An essential function is to permit storage devices to communicate with each other and also with computer systems. SAN facilitates universal connectivity, linking many computers to many storage devices, and enabling devices and data to be shared.
Network-attached storage (NAS) employs a standard Ethernet connection with file-based shared storage services. NAS systems are not well suited for applications that must access block-level storage. NetApp has added block-level protocol to their NAS filers in order to attract a portion of profitable SAN market. NAS is both horizontally and vertically scalable by using large disks or through clustering.
Use Cases for NAS and SAN
High end NAS is occupied by businesses that have massive storage needs, including virtual machine images. Upper tier NAS offers rapid access and clustering capabilities.
The low end of the NAS market targets small businesses and home users requiring local shared storage. In this market segment cloud NAS is playing a greater part. NAS is often used for smart home functionality and for centralized storage. Related tasks include support for security systems, Internet of Things and storing and serving multimedia files.
SAN is likely to be appropriate in a data center supporting multiple critical applications for which downtime might be more than costly. Upfront costs for implementing a SAN-based disaster recovery solution are high, but so are the benefits. They can be recouped in a single hour when disaster strikes. A SAN-based disaster recovery solution can be the best insurance policy a company could have.
Convergence of Function
In the same way as NetApp, SAN vendors have been adding file-system protocol support to their SAN platforms. To gain market share, an ever increasing number of manufacturers of shared storage platforms are supporting both block and file level protocols. With SAN and NAS each striving to support their rival’s storage architecture, the world of network storage appears to be converging.

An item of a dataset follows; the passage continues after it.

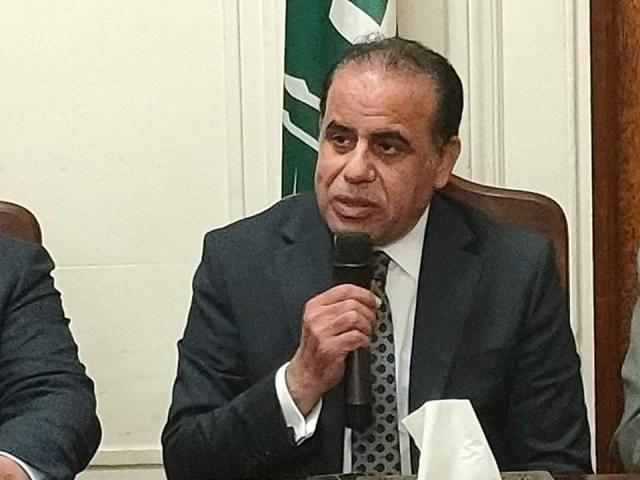 عبد العزيز النحاس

Many Common Features – Choose Most Appropriate for Target Function
NAS and SAN systems have much in common. They share features like snapshots, thin provisioning and replication. Companies that need to process unstructured data, such as text-heavy data, will find NAS a substantially better choice than SAN. With SAN, it’s easier to share block-level storage, SAN being more versatile than NAS – its primary use is for data consolidation. Both SAN and NAS offer shared storage.